━━━ INFORMATION GIVEN ━━━
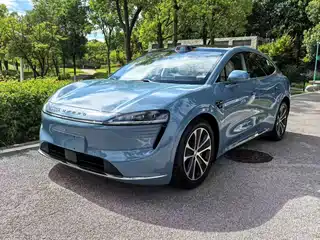 Zhijie Luxeed R7 2024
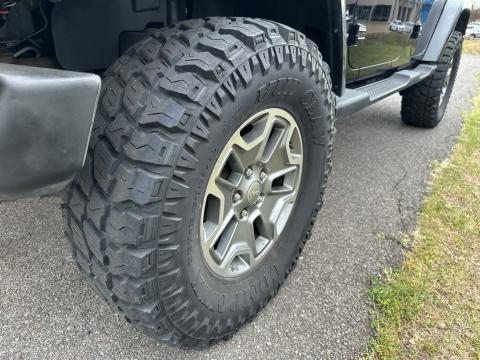 Pre-Owned Black Clearcoat 2008 Jeep Wrangler Unlimited Sahara 4WD - photo 8 - Stock #X2448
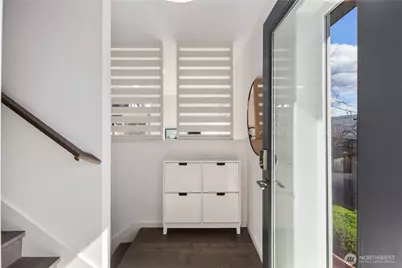 926 N 35th Street, Seattle, WA 98103 - Photo 3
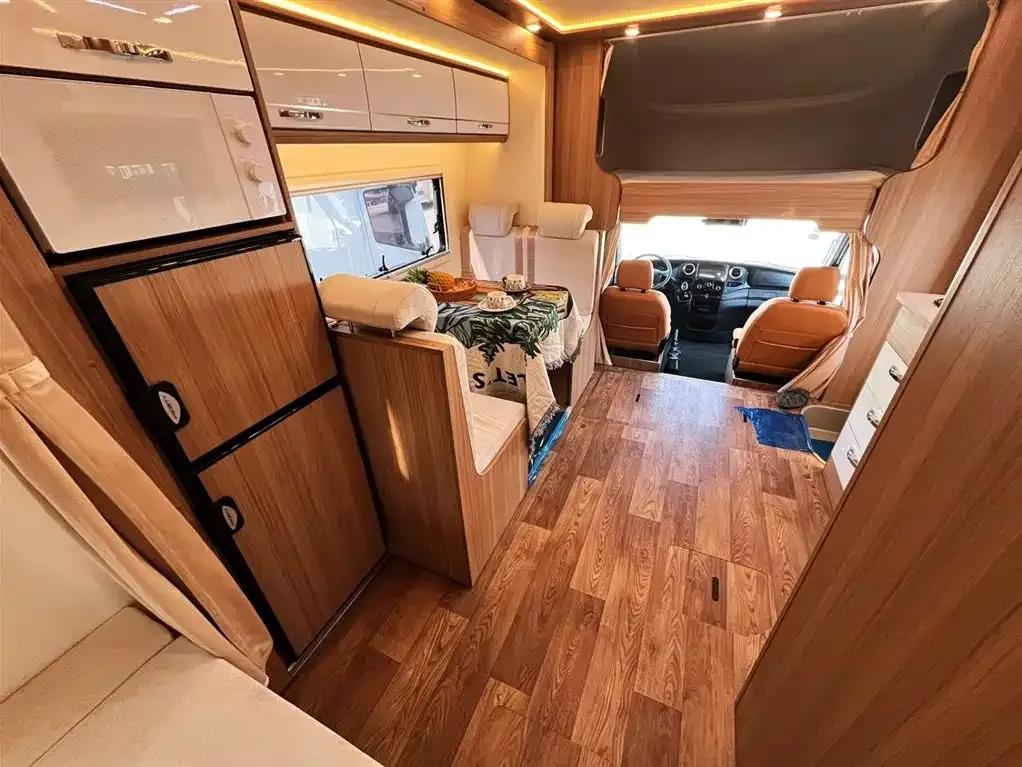 Iveco Daily Motorhome 2025 Model 3.0T Automatic — миниатюра 8
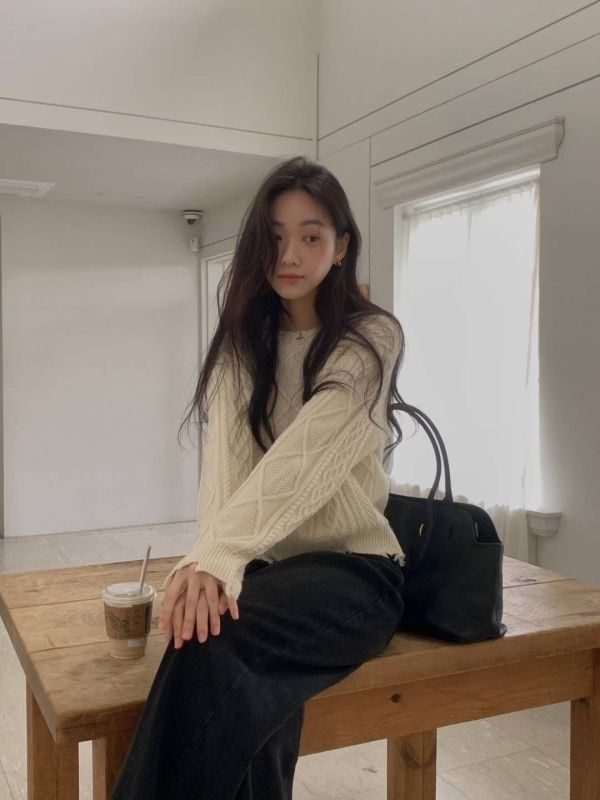 麻花不規則邊針織衣 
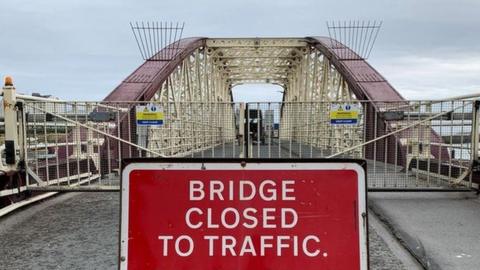 Bridge closed sign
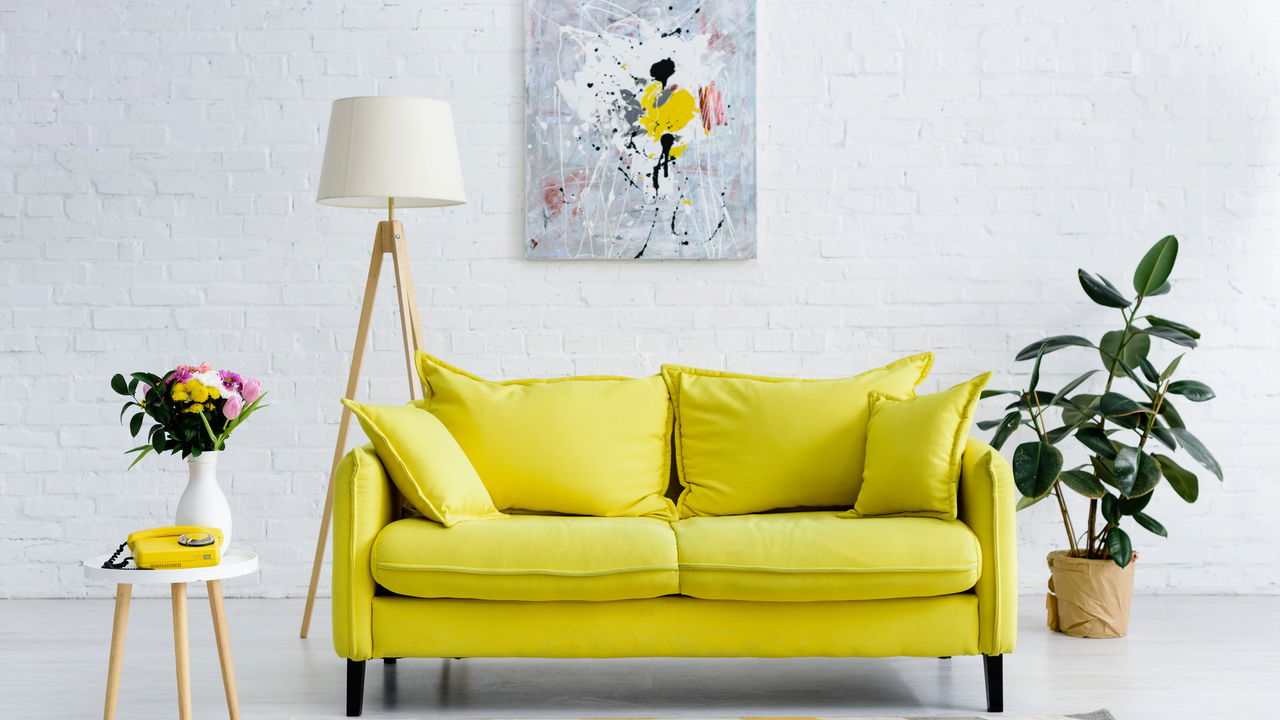 O melhor truque para deixar sua sala de estar sofisticada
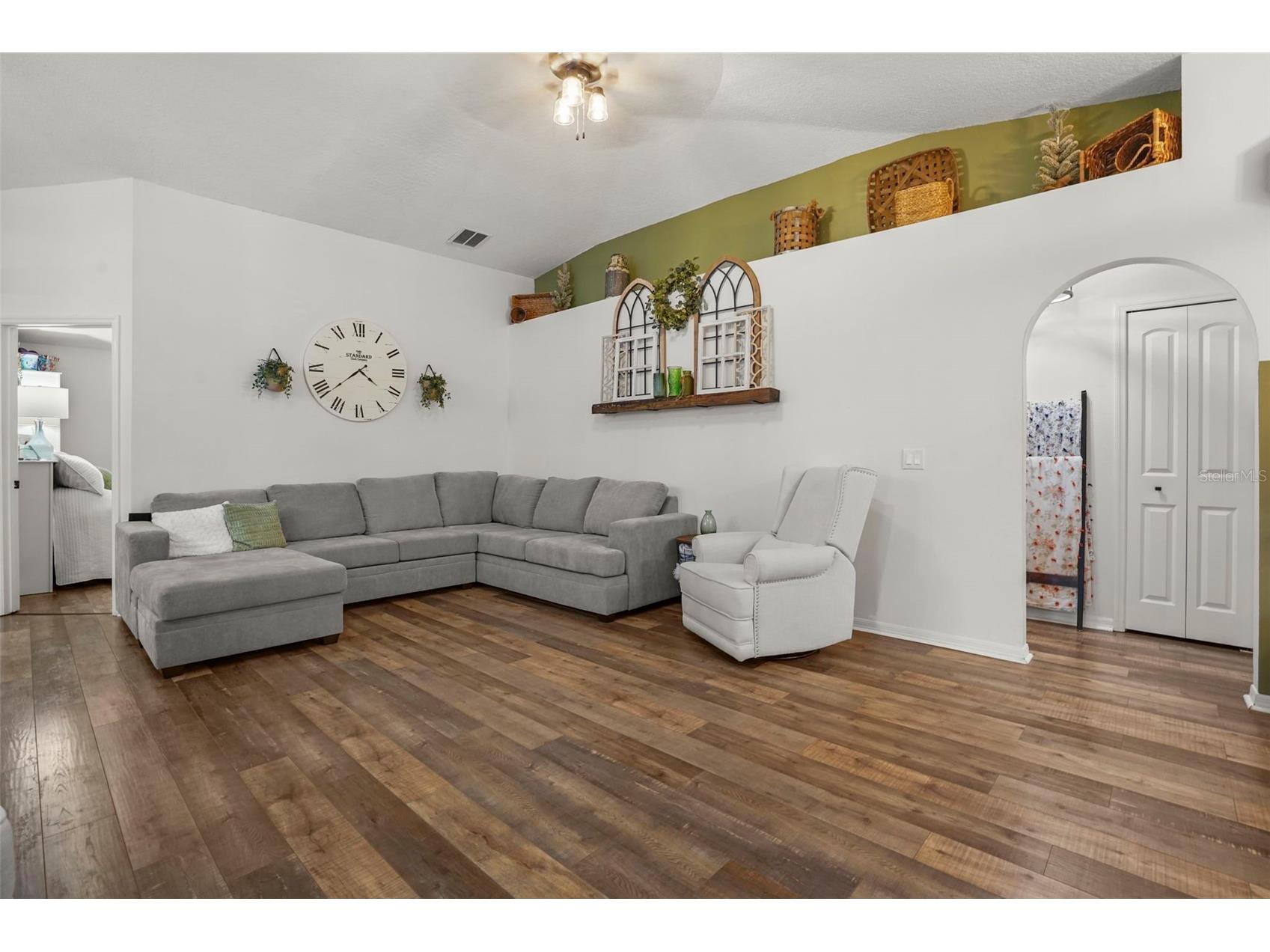 57 Lakeview Reserve Boulevard Winter Garden FL 34787 V4949553 image5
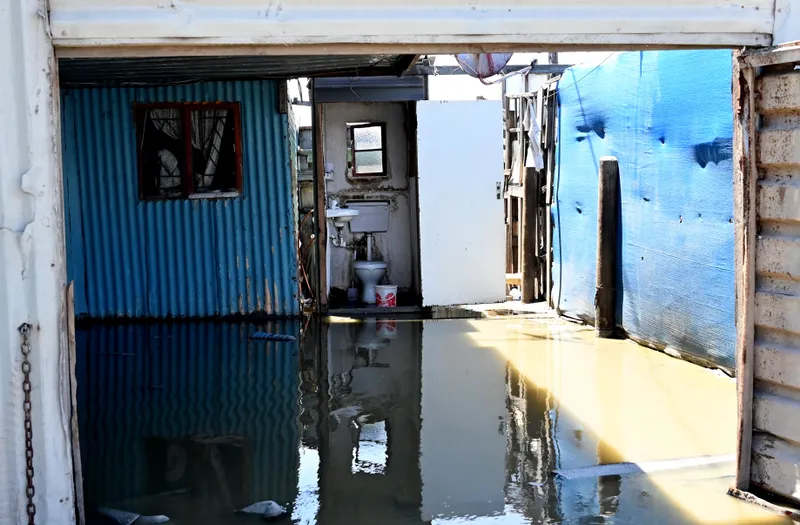 Extortion gangs demand R10 000 from City workers amid Khayelitsha sewage crisis
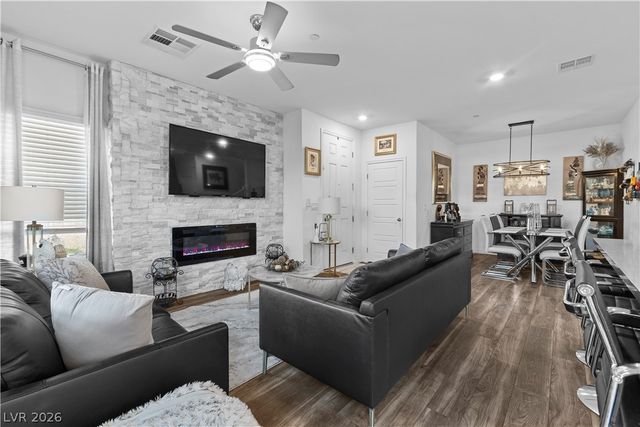 206 Callen Falls Avenue 1514, Henderson, NV 89011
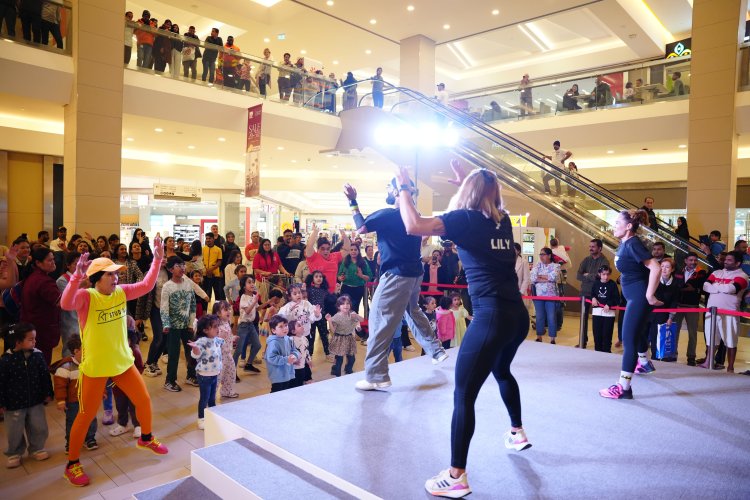 Mirchi Neon Run Kicks Off: T-Shirt Unveiling at Oasis Mall, Juffair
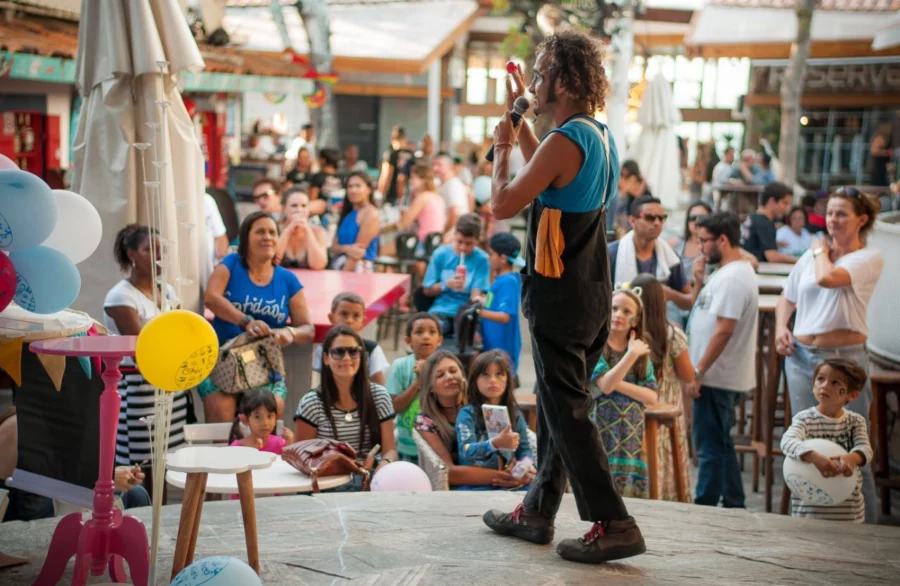 Programação de Dia das Crianças no Chez Michou, na Rua das Pedras, em Búzios.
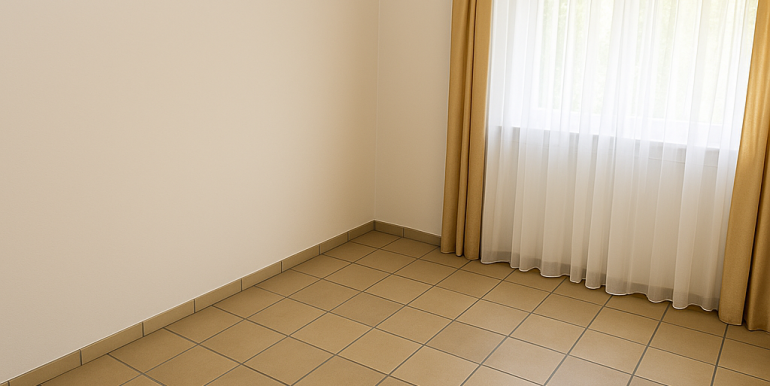 Einzelbüro im EG rechts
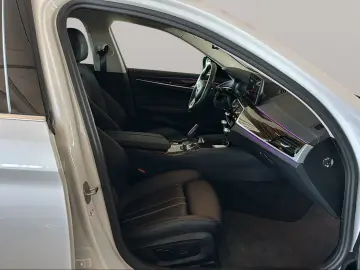 BMW 530i xDrive Limousine LiveCockpitProf Head-Up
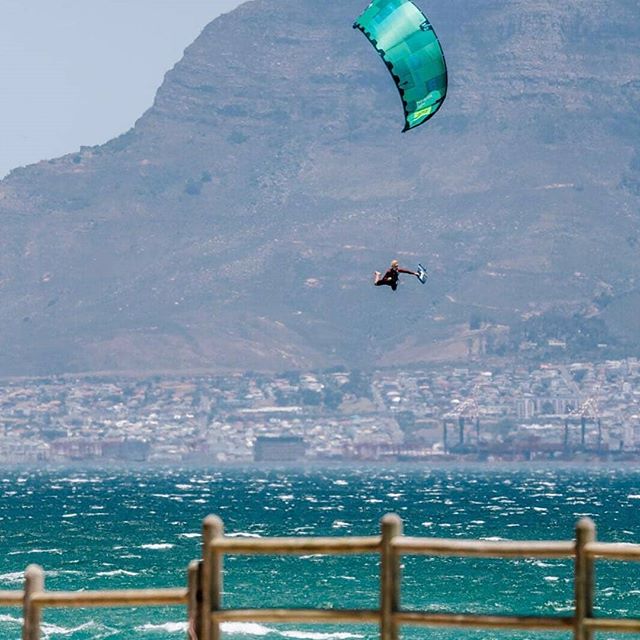Comin' at ya! @redbull King of the Air is just a few days away!
Photo: @ydwer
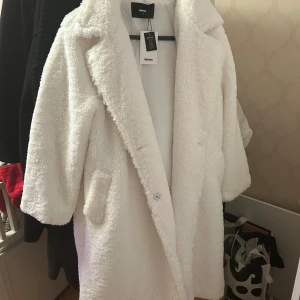 Bik Bok - TeddyKappa <3 - Hej allihopa!  Säljer en helt oanvänd TeddyKappa från BikBok i stl.S (oversized) <3 Ordinariepris: 899 kr ; priset går alltid att diskutera. Vid frågor, feel free to ask!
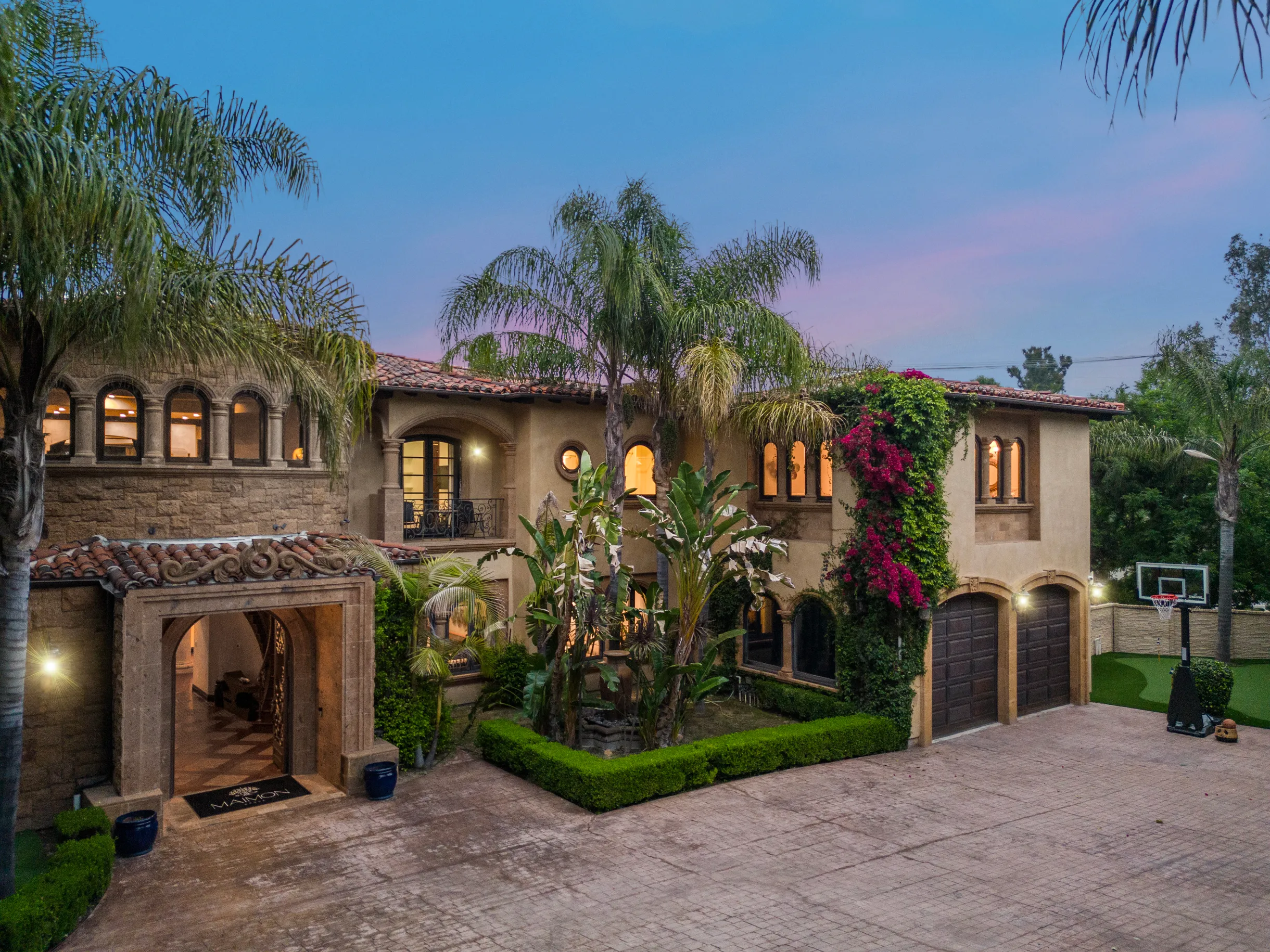 Wander Tarzana Estate #39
━━━
| PROBLEM STATEMENT |
Exactly as written, please copy out the whole set of records, skipping images.

| EXERCISE SOLUTION |
 Zhijie Luxeed R7 2024
 Pre-Owned Black Clearcoat 2008 Jeep Wrangler Unlimited Sahara 4WD - photo 8 - Stock #X2448
 926 N 35th Street, Seattle, WA 98103 - Photo 3
 Iveco Daily Motorhome 2025 Model 3.0T Automatic — миниатюра 8
 麻花不規則邊針織衣 
 Bridge closed sign
 O melhor truque para deixar sua sala de estar sofisticada
 57 Lakeview Reserve Boulevard Winter Garden FL 34787 V4949553 image5
 Extortion gangs demand R10 000 from City workers amid Khayelitsha sewage crisis
 206 Callen Falls Avenue 1514, Henderson, NV 89011
 Mirchi Neon Run Kicks Off: T-Shirt Unveiling at Oasis Mall, Juffair
 Programação de Dia das Crianças no Chez Michou, na Rua das Pedras, em Búzios.
 Einzelbüro im EG rechts
 BMW 530i xDrive Limousine LiveCockpitProf Head-Up
Comin' at ya! @redbull King of the Air is just a few days away!
Photo: @ydwer
 Bik Bok - TeddyKappa <3 - Hej allihopa!  Säljer en helt oanvänd TeddyKappa från BikBok i stl.S (oversized) <3 Ordinariepris: 899 kr ; priset går alltid att diskutera. Vid frågor, feel free to ask!
 Wander Tarzana Estate #39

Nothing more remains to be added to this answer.